Draw an arrow in any direction of any length. Drop lines parallel to axes from the tip of the arrow onto the axes and measure off the distances from origin and note the directions of the points where the lines dropped meet the axes. The distances are respectively the components of the vector represented by the arrow. This vector exists independently of it's representation in terms of components. It's components depend on the direction of the two lines you chose initially as axes of the plane.

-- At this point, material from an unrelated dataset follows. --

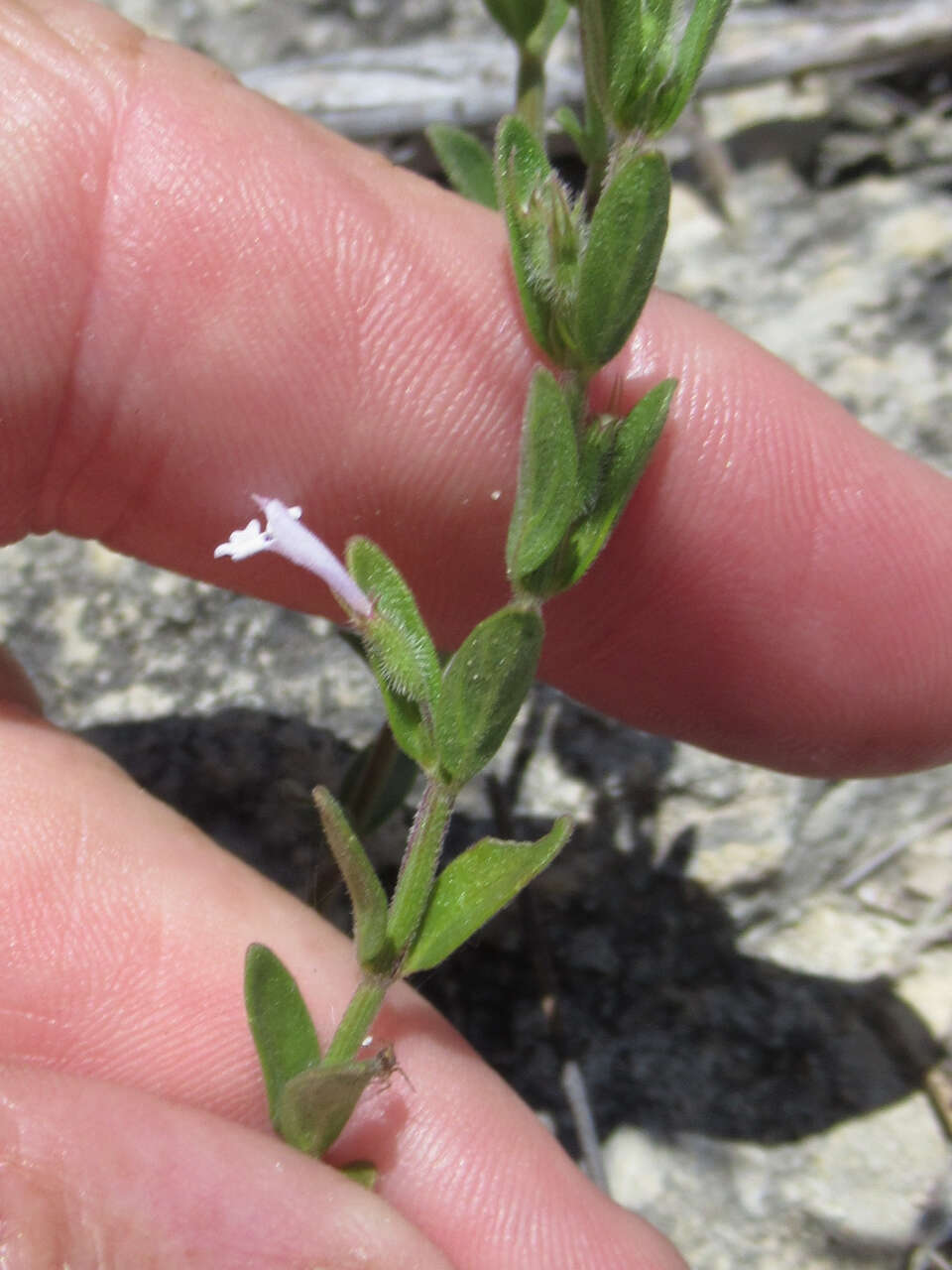 Hedeoma reverchonii (A. Gray) A. Gray resmi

Choose two perpendicular lines as axes. The unit vectors along the axes will be $(1,0)$ say $u_1$, the unit vector in the x-direction and $(0,1)$ say $u_2$, the unit vector in the y-direction. These two serve as the basis for the plane.

The set $\{(0,1),(1,0)\}$ is linearly independent. Any vector $(x,y)$ in this space can be represented as $x\cdot(1,0)+y\cdot(0,1)$.

Another choice for basis can be $\{(\frac{1}{\sqrt{2}},\frac{1}{\sqrt{2}}), (\frac{-1}{\sqrt{2}},\frac{1}{\sqrt{2}})\}$ which we denote as $u_1^{'}$ and $u_2^{'}$. The new basis vectors are also elements of the vector space and can be expressed as linear combinations of $u_1$ and $u_2$:

$$\{\frac{1}{\sqrt{2}}\cdot u_1+\frac{1}{\sqrt{2}}\cdot u_2,\frac{-1}{\sqrt{2}}\cdot u_1+\frac{1}{\sqrt{2}}\cdot u_2\}$$

Even the old basis can be expressed in terms of the new one as:

$$\{\frac{1}{\sqrt{2}}\cdot u_1^{'}+\frac{-1}{\sqrt{2}}\cdot u_2^{'},\frac{1}{\sqrt{2}}\cdot u_1^{'}+\frac{1}{\sqrt{2}}\cdot u_2^{'}\}$$

Whenever working with representations of vectors, stick with one base. Substitute values of components in above expressions to check that above formulae are correct.